「米国で商標登録が完了したので、あとは10年後の更新まで何もしなくてよい」――そう思っていたら、数年後に登録が取り消されていた。米国商標では、こうした事態が実際に起こり得ます。原因は、日本にはない「登録後の使用宣誓書」という手続です。この記事では、使用宣誓書とは何か、いつ提出するのか、提出しないとどうなるのかを、実務の視点から整理します。
米国商標の大前提は「使用主義」
日本の商標制度は、原則として登録主義です。登録の時点で実際に使っていなくても権利は発生し、その後の使用状況を特許庁に報告する義務もありません(不使用取消審判で第三者から争われることはあります)。
これに対して米国は使用主義を基本とし、「商標は使ってこそ保護される」という考え方が制度の隅々まで貫かれています。出願段階で実際の使用または使用意思が問われるだけでなく、登録した後も、決められた時期に「使っています」と宣誓し、その証拠を提出しなければならないのが最大の違いです。この宣誓を怠ると、審査を通って手に入れた登録が失われてしまいます。
使用宣誓書(Declaration of Use)とは
使用宣誓書とは、登録商標を米国の商取引において現に使用していることを、権利者が米国特許商標庁(USPTO)に対して宣誓する書面です。米国商標法の条文番号から「セクション8宣誓書」と呼ばれることもあります。単に「使っています」と述べるだけでは足りず、次の3点がセットで必要になる点が実務上の要注意ポイントです。

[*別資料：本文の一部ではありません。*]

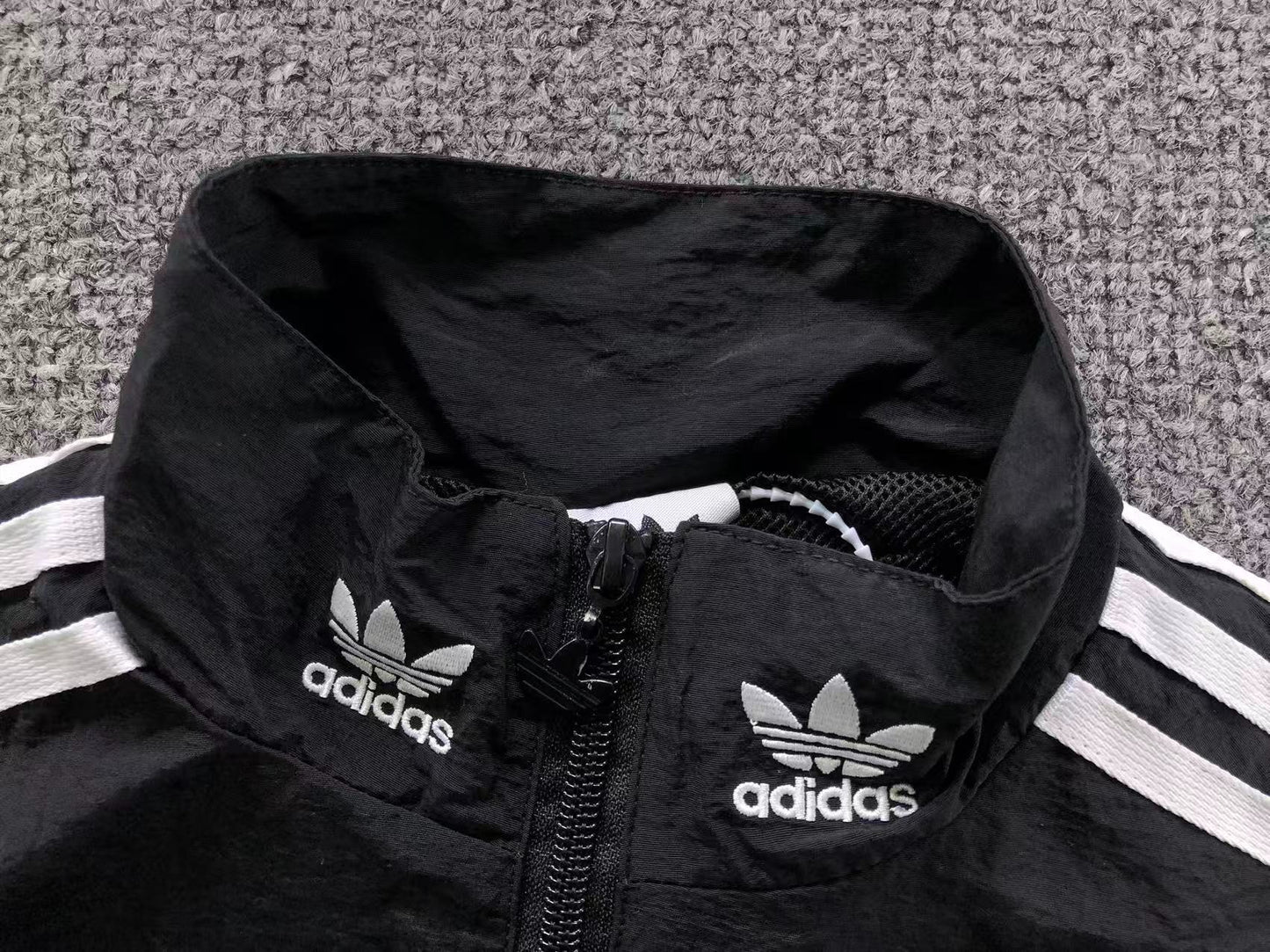 Jaqueta Adidas Feminina Y2K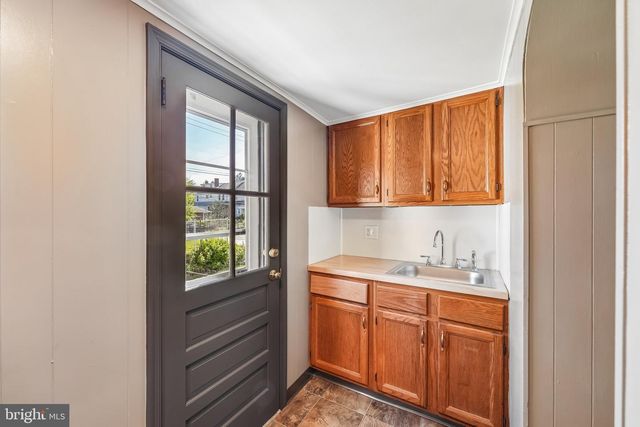 6 SENECA ST, Essington, PA 19029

- 宣誓の内容:登録に係る商品・サービスについて、米国内の商取引で使用していること
- 使用証拠(Specimen):区分ごとに、実際の使用状況が分かる資料
- 使用していない商品の削除:宣誓の対象から外す手続
提出時期のスケジュール
現行の米国制度では、使用宣誓書の提出時期はおおむね次のように定められています。起算日が「登録日」である点(出願日ではない点)に注意してください。
| 時期 | 必要となる手続 |
|---|---|
| 登録日から5年〜6年の間 | 使用宣誓書(セクション8)の提出。最初の関門であり、最も見落とされやすい期限です。 |
| 登録日から9年〜10年の間 | 使用宣誓書と更新申請をあわせて提出。 |
| 以後10年ごと | 同様に、使用宣誓書と更新申請をあわせて提出。 |
いずれの期限にも、経過後に追加費用を納めて提出できる猶予期間が設けられていますが、猶予期間まで過ぎると登録は取り消されます。なお、一定期間継続して使用したことを宣誓することで、登録の有効性に関する主張を強める制度(不可争性の宣誓)もあり、実務では使用宣誓書と同時に検討します。

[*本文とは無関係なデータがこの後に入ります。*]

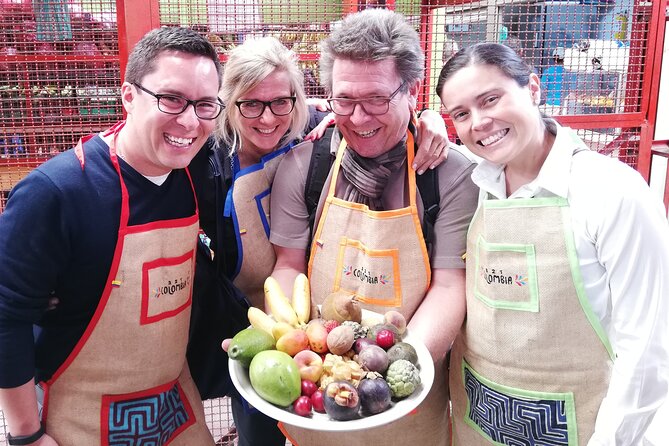PALOQUEMAO MARKET FOOD TOUR. EXOTIC FRUIT. LOCAL SNACKS. /Min 2 pax - Key highlights you’ll care about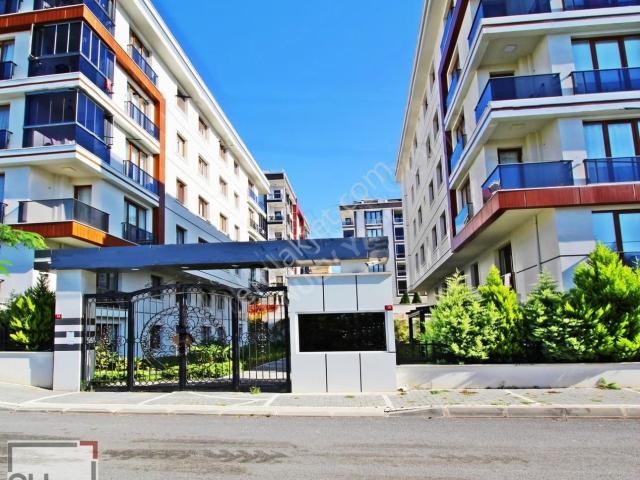 Geniş Peyzajlı 2 Bloklu Sitede Konforlu 2+1 Daire nuev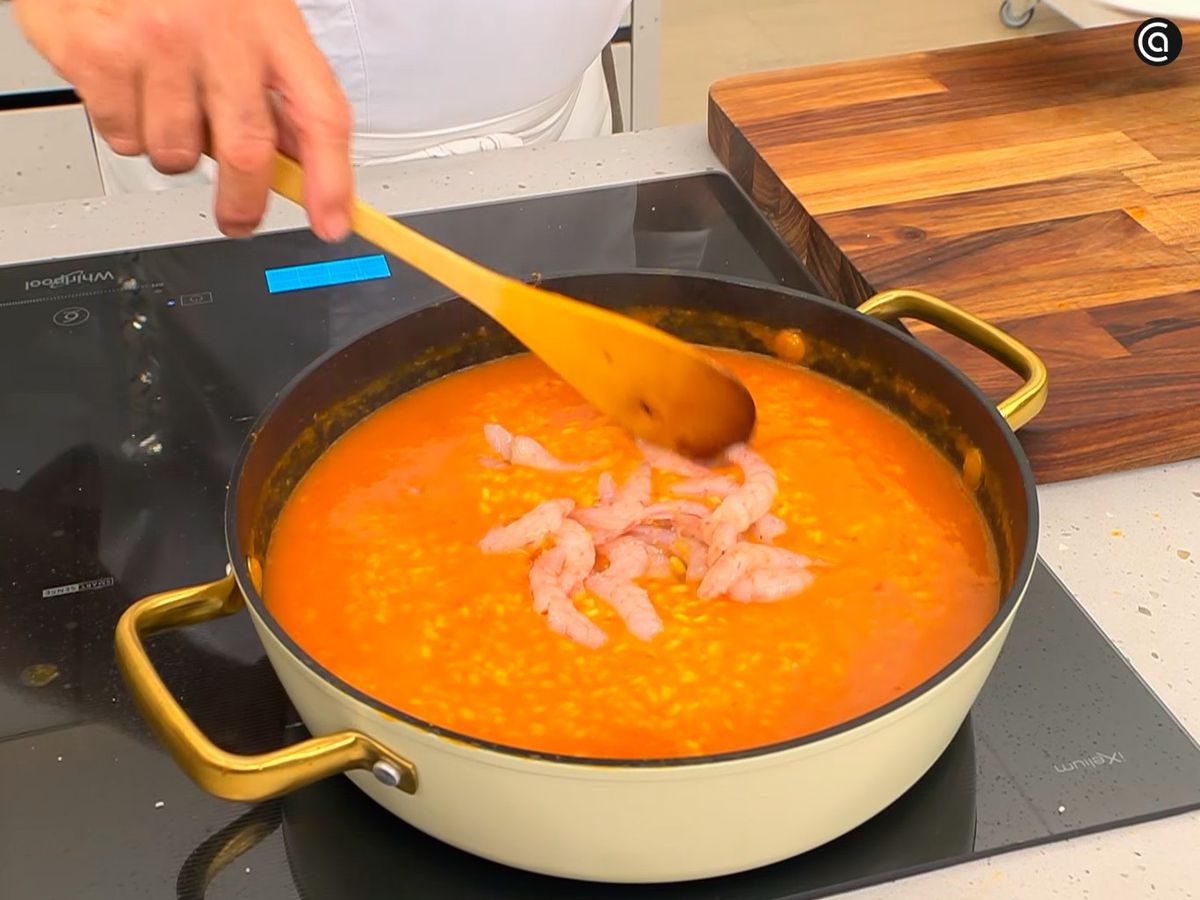 Incorpora las gambas y remueve suavemente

具体的な期限日・官庁費用・提出可能な猶予期間は制度改正や運用変更の対象となります。個別案件では必ず最新の運用と登録原簿を確認のうえ判断してください。
マドプロ経由で米国を指定した場合も必要です
「マドリッド協定議定書(マドプロ)で一括出願したから、管理はWIPOの国際登録だけで済む」というのは誤解です。米国が指定された場合、米国での保護を維持するには米国の維持手続が別途必要になります。つまり、国際登録の更新期限(国際登録日を基準)と、米国の使用宣誓期限(米国での保護の起算日を基準)という2系統の期限を並行して管理することになります。この二重管理を自社だけで行うと事故が起きやすいため、米国を含む案件では特に注意が必要です。

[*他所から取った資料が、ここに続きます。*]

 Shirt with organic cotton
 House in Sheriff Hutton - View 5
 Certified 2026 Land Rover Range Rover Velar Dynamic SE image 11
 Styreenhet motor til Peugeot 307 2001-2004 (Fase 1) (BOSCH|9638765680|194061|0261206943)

ルート選択の考え方については、海外商標登録の費用はいくら?マドプロと直接出願の違いもあわせてご覧ください。米国は登録後の維持手続まで含めて考えると、直接出願のほうが実務の流れがつかみやすいケースもあります。
提出しないとどうなるか
期限内(猶予期間を含む)に使用宣誓書を提出しなかった場合、その登録は取り消され、原則として元に戻すことはできません。同じブランドで権利を得ようとすれば、あらためて出願からやり直すことになります。その間に第三者が同一・類似の商標を出願していれば、審査で引用され、権利を取り戻せない可能性もあります。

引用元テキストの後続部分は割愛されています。